| Prompt |
Find the line below with "Mercedes-Benz C-Class — Фото автомобиля 4" and the line with "Thánh Đức Đạt". Output exactly those lines and everything between them, leaving out the pictures.

| Supplied records |
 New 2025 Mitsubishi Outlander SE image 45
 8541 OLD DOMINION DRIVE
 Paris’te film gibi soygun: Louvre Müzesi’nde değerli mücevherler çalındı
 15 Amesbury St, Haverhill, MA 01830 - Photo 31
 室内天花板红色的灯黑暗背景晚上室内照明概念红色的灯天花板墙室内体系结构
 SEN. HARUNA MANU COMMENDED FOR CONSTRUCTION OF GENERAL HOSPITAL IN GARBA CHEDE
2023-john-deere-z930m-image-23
==
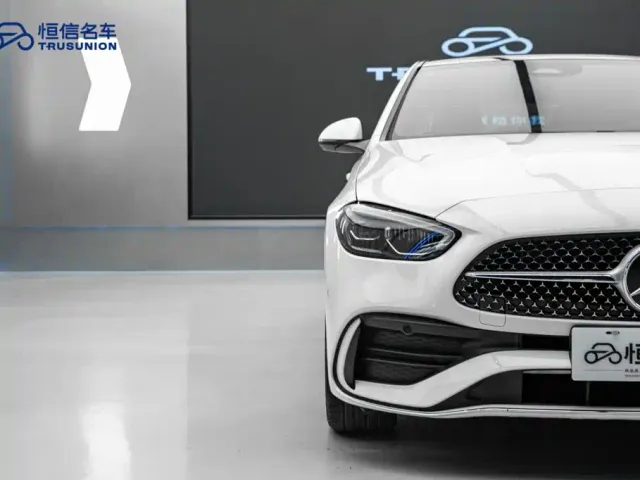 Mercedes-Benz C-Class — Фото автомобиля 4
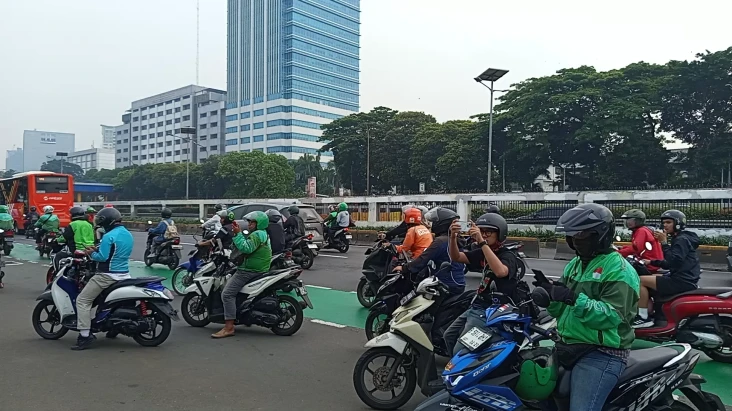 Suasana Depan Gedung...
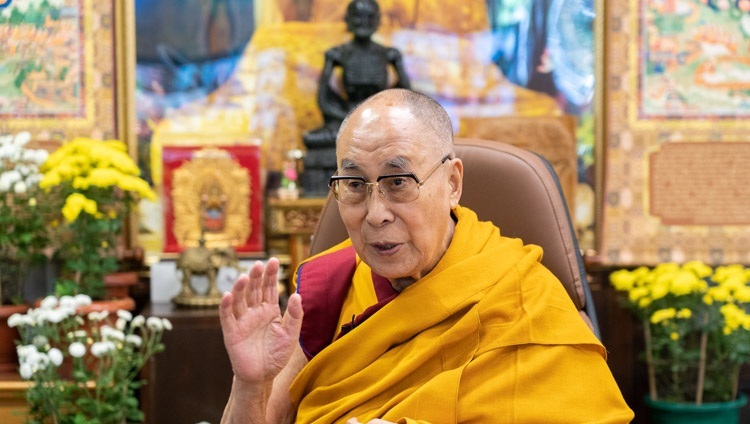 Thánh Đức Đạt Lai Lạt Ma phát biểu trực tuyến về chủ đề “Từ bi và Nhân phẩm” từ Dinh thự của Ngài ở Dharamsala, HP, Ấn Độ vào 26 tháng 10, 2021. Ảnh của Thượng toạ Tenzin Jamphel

| Solution to this task |
 Mercedes-Benz C-Class — Фото автомобиля 4
 Suasana Depan Gedung...
 Thánh Đức Đạt Lai Lạt Ma phát biểu trực tuyến về chủ đề “Từ bi và Nhân phẩm” từ Dinh thự của Ngài ở Dharamsala, HP, Ấn Độ vào 26 tháng 10, 2021. Ảnh của Thượng toạ Tenzin Jamphel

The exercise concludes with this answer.